*** EXERCISE MATERIAL Section Begins ***

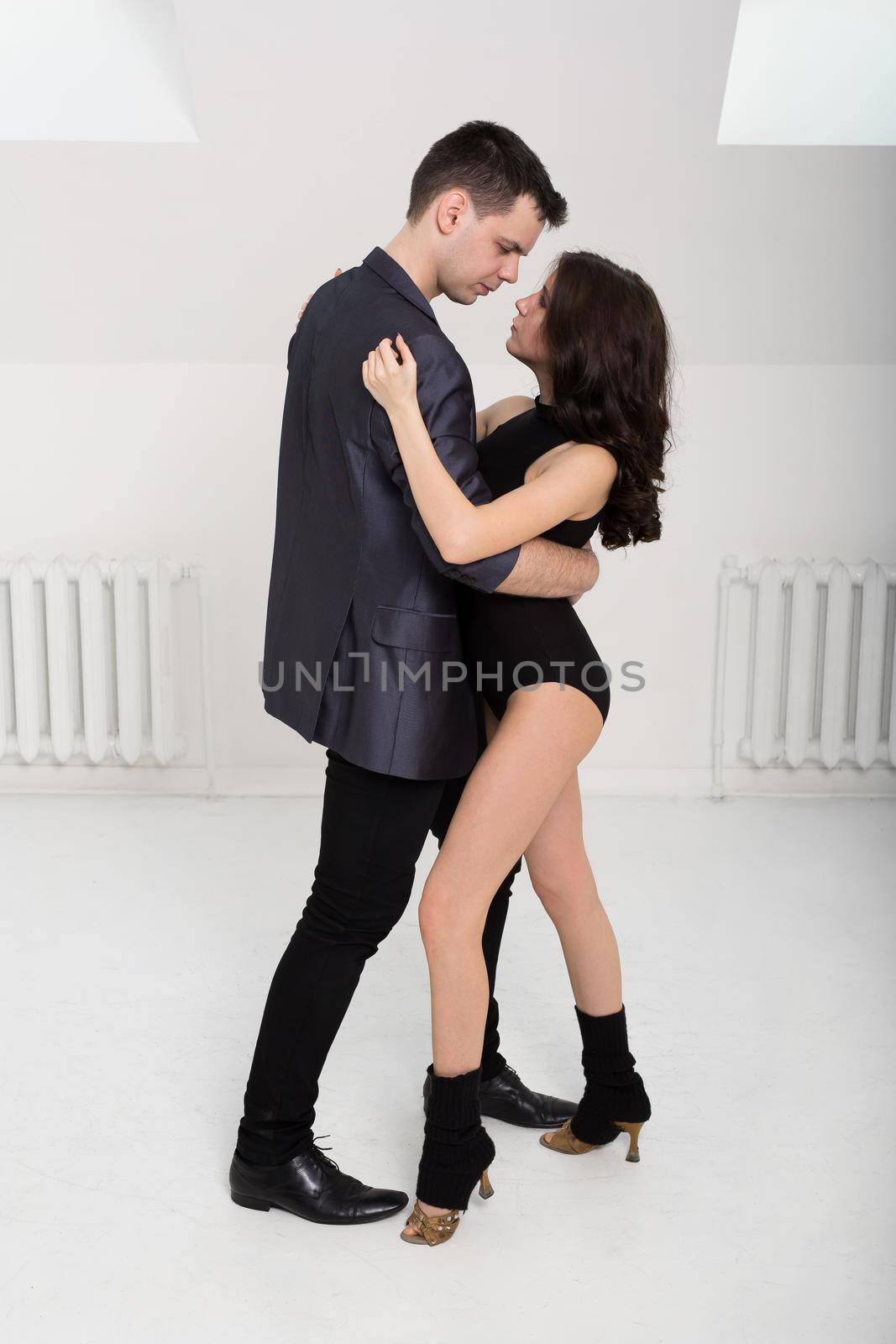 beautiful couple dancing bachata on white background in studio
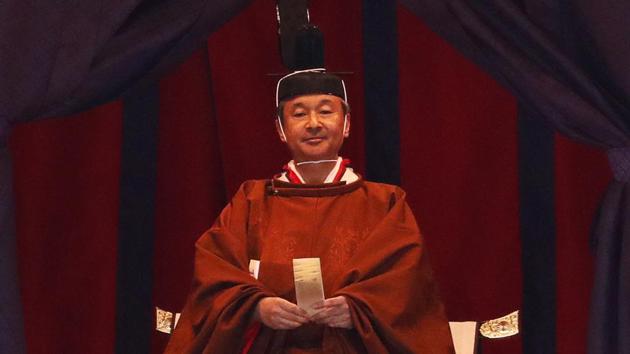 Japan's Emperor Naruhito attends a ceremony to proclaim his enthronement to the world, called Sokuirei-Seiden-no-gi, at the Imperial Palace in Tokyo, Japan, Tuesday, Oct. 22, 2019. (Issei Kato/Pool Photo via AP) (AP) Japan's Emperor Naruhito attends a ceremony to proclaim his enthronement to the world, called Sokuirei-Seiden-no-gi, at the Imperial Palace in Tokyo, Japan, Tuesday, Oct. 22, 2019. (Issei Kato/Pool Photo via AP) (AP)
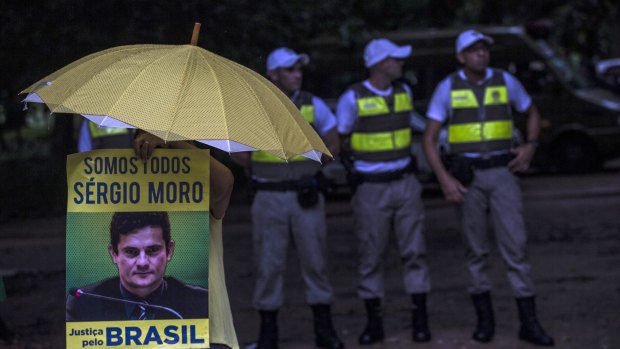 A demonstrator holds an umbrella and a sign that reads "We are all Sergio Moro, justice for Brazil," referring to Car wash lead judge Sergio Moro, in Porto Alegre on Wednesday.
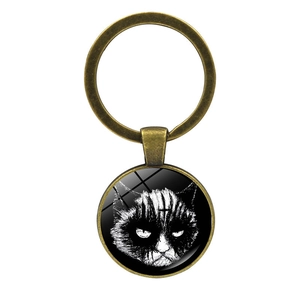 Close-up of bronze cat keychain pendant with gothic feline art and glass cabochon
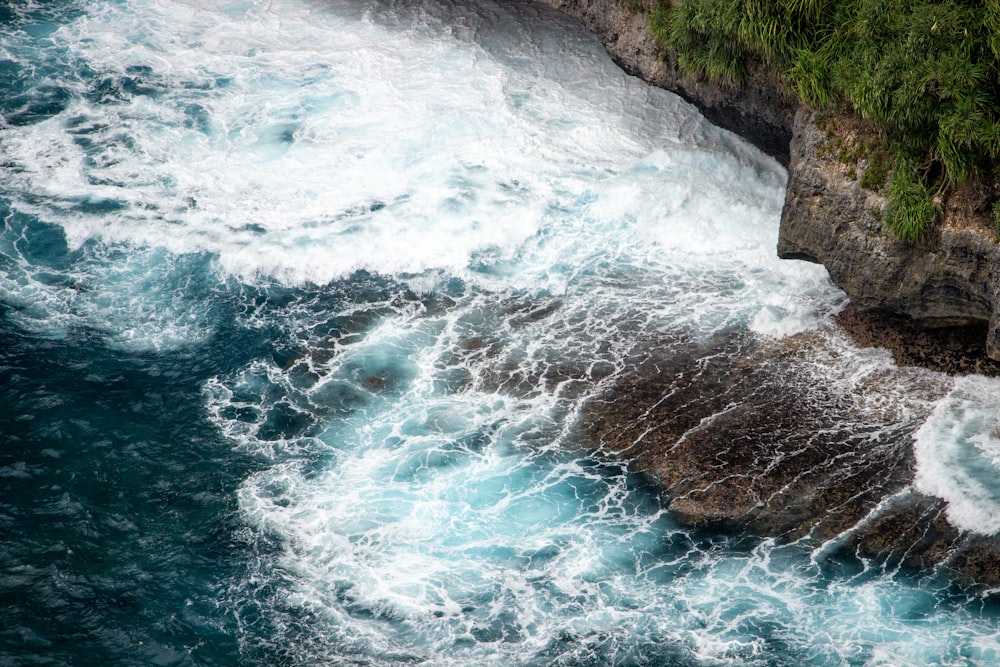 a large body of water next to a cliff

*** EXERCISE MATERIAL Section Ends ***

WHAT THE EXERCISE ASKS: Omit any images, then output the listing exactly.

WRITTEN RESPONSE:
 beautiful couple dancing bachata on white background in studio
 Japan's Emperor Naruhito attends a ceremony to proclaim his enthronement to the world, called Sokuirei-Seiden-no-gi, at the Imperial Palace in Tokyo, Japan, Tuesday, Oct. 22, 2019. (Issei Kato/Pool Photo via AP) (AP) Japan's Emperor Naruhito attends a ceremony to proclaim his enthronement to the world, called Sokuirei-Seiden-no-gi, at the Imperial Palace in Tokyo, Japan, Tuesday, Oct. 22, 2019. (Issei Kato/Pool Photo via AP) (AP)
 A demonstrator holds an umbrella and a sign that reads "We are all Sergio Moro, justice for Brazil," referring to Car wash lead judge Sergio Moro, in Porto Alegre on Wednesday.
 Close-up of bronze cat keychain pendant with gothic feline art and glass cabochon
 a large body of water next to a cliff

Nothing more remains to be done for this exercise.